À quoi ressemble une vérification de bridge réellement défendable
Si vous construisez ou auditez un bridge, la validation du montant source est là où vous devriez concentrer une part disproportionnée de votre paranoïa. Voici quelques points que je considérerais comme non négociables :
- Le contrat de destination doit vérifier une preuve cryptographique de l'événement source, pas la parole d'un relayer. Des preuves light-client ou zk plutôt que des attestations multisig partout où le budget de latence le permet.
- Les vérifications de montant doivent être exhaustives sur chaque chemin d'exécution. La classe de bugs
checkCCEValuesse cache généralement dans une branche que certaines entrées contournent. Fuzzez la comparaison, ne vous contentez pas de l'inspecter. - Des limites de débit et des coupe-circuits par actif, afin qu'une valeur forgée ne puisse pas vider toute la réserve en une seule transaction. Un plafond qui se met en pause automatiquement à, disons, 5 % du TVL par heure aurait atténué la plupart des incidents de 2026.

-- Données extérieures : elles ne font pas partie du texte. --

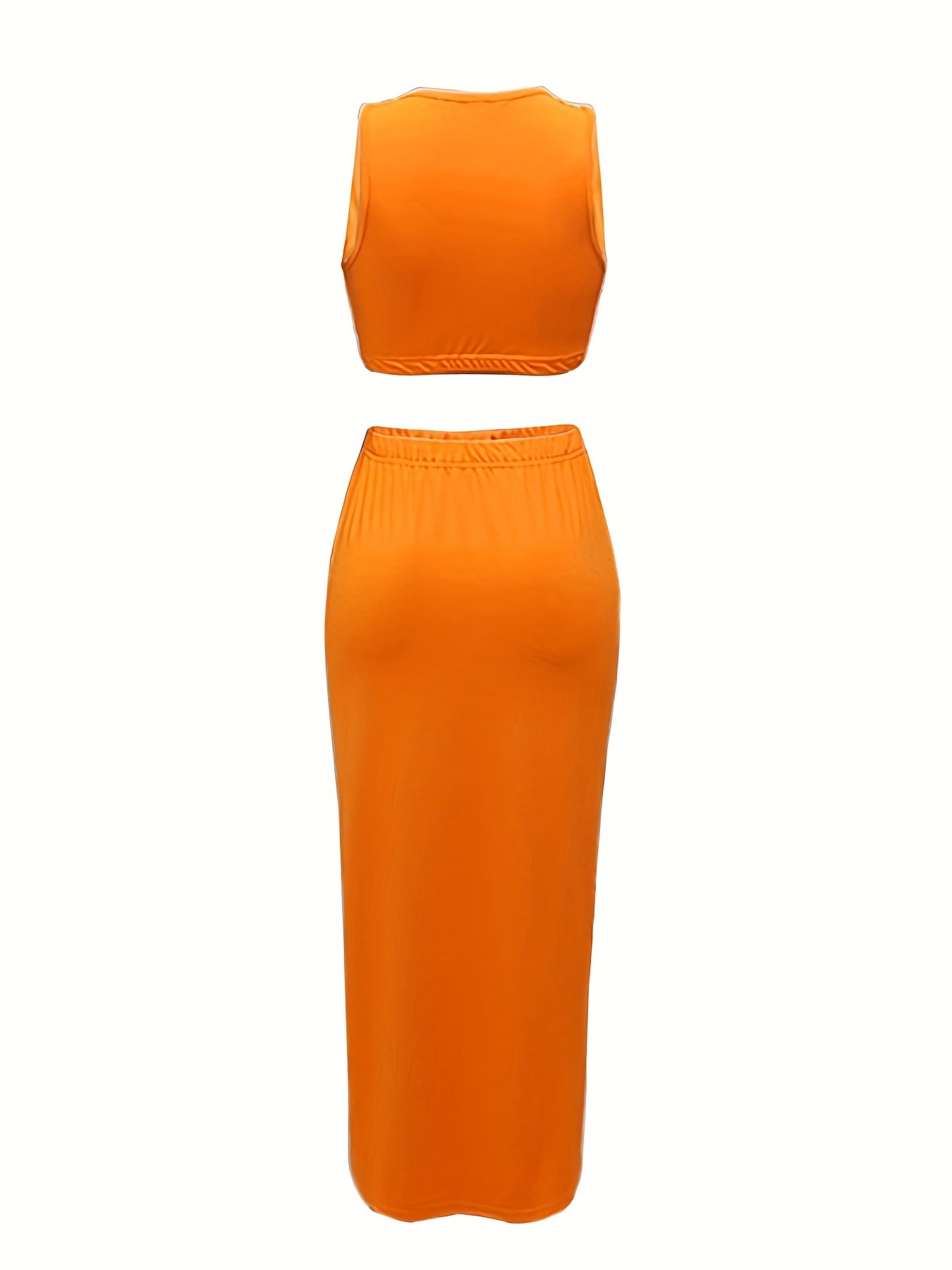 Casual Two-piece Set Crop Top & Ruched Split Skirt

- Une surveillance indépendante des invariants qui compare en temps réel le total minté au total verrouillé et s'arrête en cas de divergence.
Rien de tout cela n'est nouveau. La pile d'audit pour détecter ces vulnérabilités existe, ce que j'ai approfondi dans l'article sur la pile d'audit. Le problème, c'est que les bridges continuent de livrer la validation comme une réflexion après coup plutôt que comme le cœur du produit.
Le prochain hack de bridge de 2026 est déjà en cours d'écriture. Il aura un nom de fonction différent et la même cause première, et nous ferons semblant d'être surpris. On ne devrait pas.